Traditional guidelines call for an 8- to 12-hour fast before a lipid profile to minimize the effect of recently eaten food. Eating a typical meal raises triglyceride levels and causes smaller shifts in LDL and HDL. Total cholesterol and HDL cholesterol change very little after eating, which is why some guidelines allow these to be measured without fasting.

Non-fasting lipid profiles have gained acceptance in recent years. Research published in the American Heart Association’s journal Circulation found that HDL cholesterol, triglycerides, and the total-to-HDL cholesterol ratio all predicted cardiovascular disease effectively when measured without fasting. Triglycerides actually showed a stronger association with cardiovascular events in the non-fasting state. However, LDL and non-HDL cholesterol provided less useful risk information when measured after eating, despite only small changes in their concentrations.

If your doctor orders a fasting lipid profile, that typically means no food or drinks other than water for 9 to 12 hours before the blood draw. Morning appointments make this easier since most of the fasting happens while you sleep.

How Often to Get Tested

Major guidelines recommend starting lipid screening at age 20. The National Cholesterol Education Program suggests testing every 5 years for all adults starting at that age. The American College of Cardiology and American Heart Association recommend cardiovascular risk factor assessment, including lipids, every 4 to 6 years beginning at age 20.

Certain groups need more frequent testing. The U.S. Preventive Services Task Force strongly recommends screening for all men 35 and older and for women 45 and older who have increased risk for heart disease. For younger adults between 20 and 35 (men) or 20 and 45 (women), screening is recommended if risk factors like smoking, diabetes, high blood pressure, obesity, or a family history of early heart disease are present.

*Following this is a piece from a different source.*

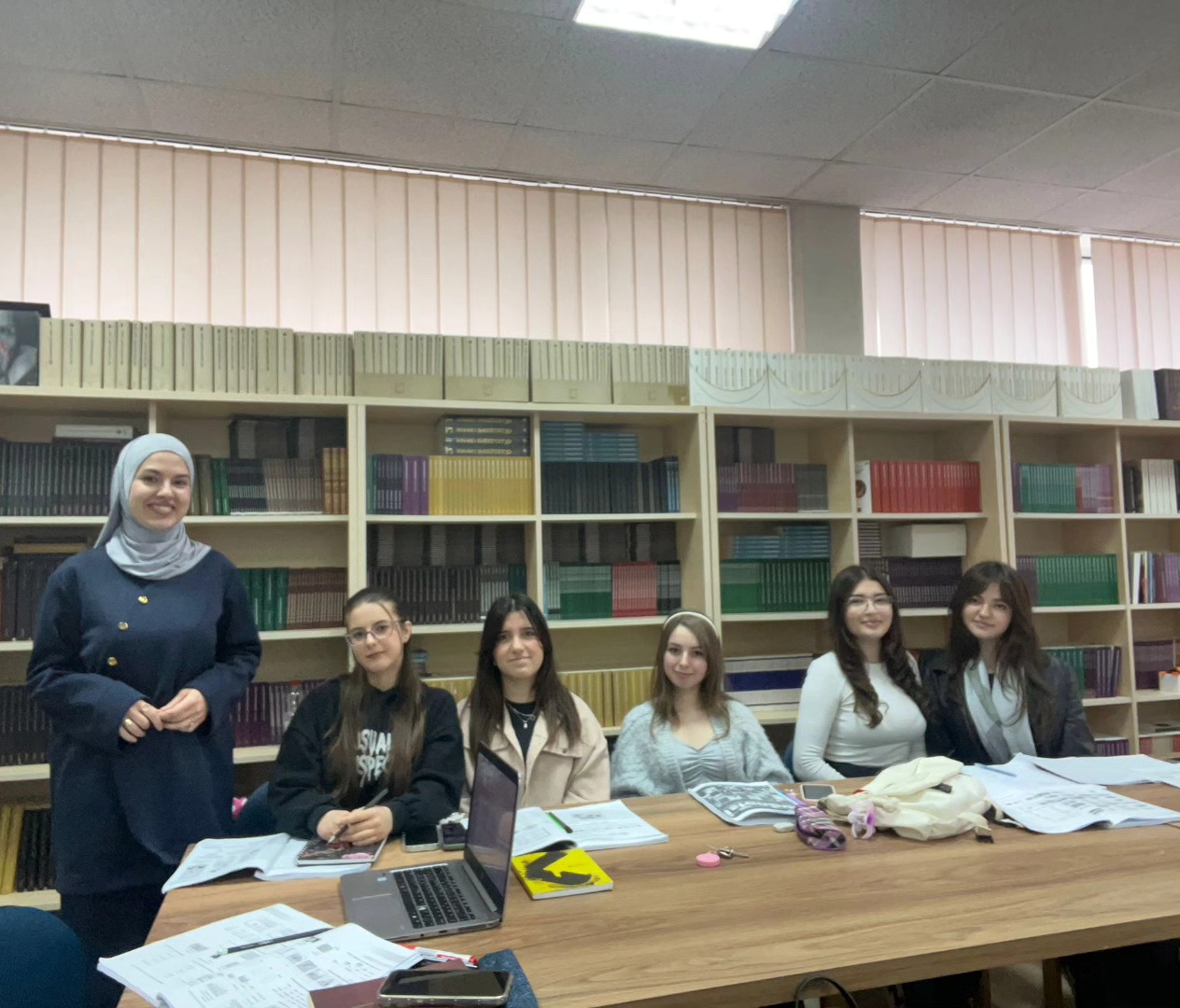 Filloi kursi i Gjuhës Turke – niveli A1 falas, i organizuar nga Shoqata Kulturore “Dituria” në Preshevë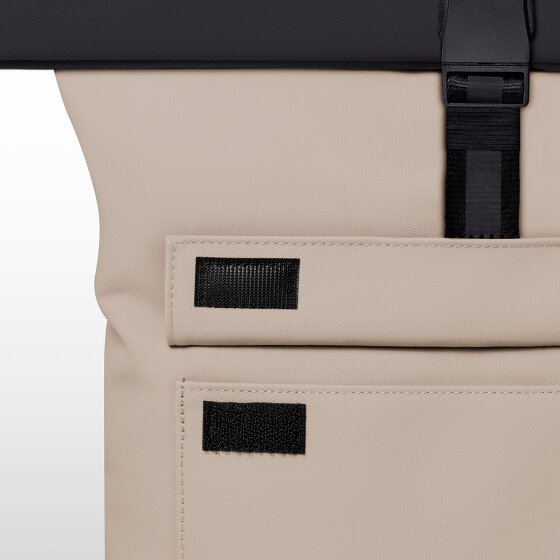 Ucon Acrobatics Aloe Daypack 49 cm Laptop compartment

People with diabetes represent a special case. The American Diabetes Association recommends lipid screening at least once a year, dropping to every 2 years only if all values fall in the low-risk range (LDL below 100, HDL above 50, and triglycerides below 150 mg/dL). If you’re already on cholesterol-lowering treatment, your doctor will likely check your levels more often to see how well the treatment is working.